Permanently Deleted

  • invalidusernamelol [he/him]
    ·
    edit-2
    4 years ago

    The number causes groupthink. Higher numbers maker people more likely to upvote and the inverse for lower numbers. I like the "show the amount of each" feature here and think it alleviates some of the issues, but I still think up/downvotes are easily rigged and designed to give dopamine hits rather than be representative of the validity of ideas.

      • Dear_Occupant [he/him]
        ·
        edit-2
        4 years ago

        TBH now that I can see when someone downvotes me, which is still pretty rare here but used to be frequent on Reddit before they hid comment scores, it makes me introspective and self-critical, I think that part is good. We should know in real-time when someone doesn't like what you said. Negative feedback is one of the things I like most about the internet in general, I'm used to writing in newspapers where your critics have to go through a snowstorm of filters before you hear what they have to say. And sometimes it's just easiest for someone to tell you "no" without leaving a message. Of course I am curious what they object to but nobody's got time for every dumb thing someone says online. Maybe if we had other ways to downvote, like "this is incorrect," "this is something I disagree with," "this is going to get somebody killed," that sort of thing. Emojis instead of votes.

          • Dear_Occupant [he/him]
            ·
            4 years ago

            I am pretty sure that the people who downvote me on Reddit or elsewhere are the people I would have the most interesting and illuminating discussions with but we rarely ever get to that point, and that's 100% down to the voting system. It didn't used to be like this on the old message boards in the 90s and early 00s.
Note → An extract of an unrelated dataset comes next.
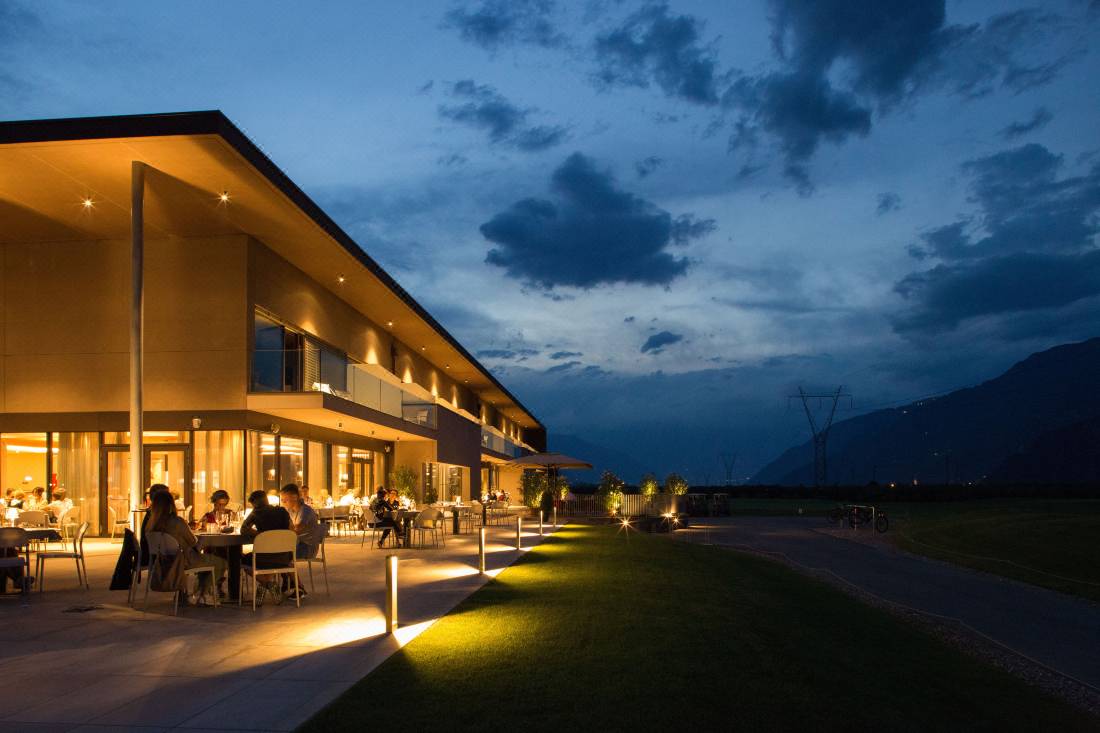 The Lodge - Golfclub Eppan-Appiano sulla Strada del Vino Updated 2022 Room  Price-Reviews & Deals | Trip.com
              • Dear_Occupant [he/him]
                ·
                4 years ago

                Honestly, it was mostly flame wars and 1000 post threads of two people just fucking savaging each other. I am not suffering from some nostalgia where I'm reminiscing about the good old days of online boards. They were just as shit as online discourse is now. But you didn't have this universal expectation that everyone is supposed to have good manners to each other. The mods in those days were Nazis but they'd only step in when the flame war was about to turn into an actual fistfight IRL, or when it just got too annoying for them to handle. There's a space in-between a good old-fashioned throwdown fight and people just being shitheads online that's gone missing in the last ten years or so.

        • qublic69 [none/use name]
          ·
          4 years ago

          I just wish more people would comment with why they disagree rather than only downvoting.
          Maybe my comments just tend to be too long...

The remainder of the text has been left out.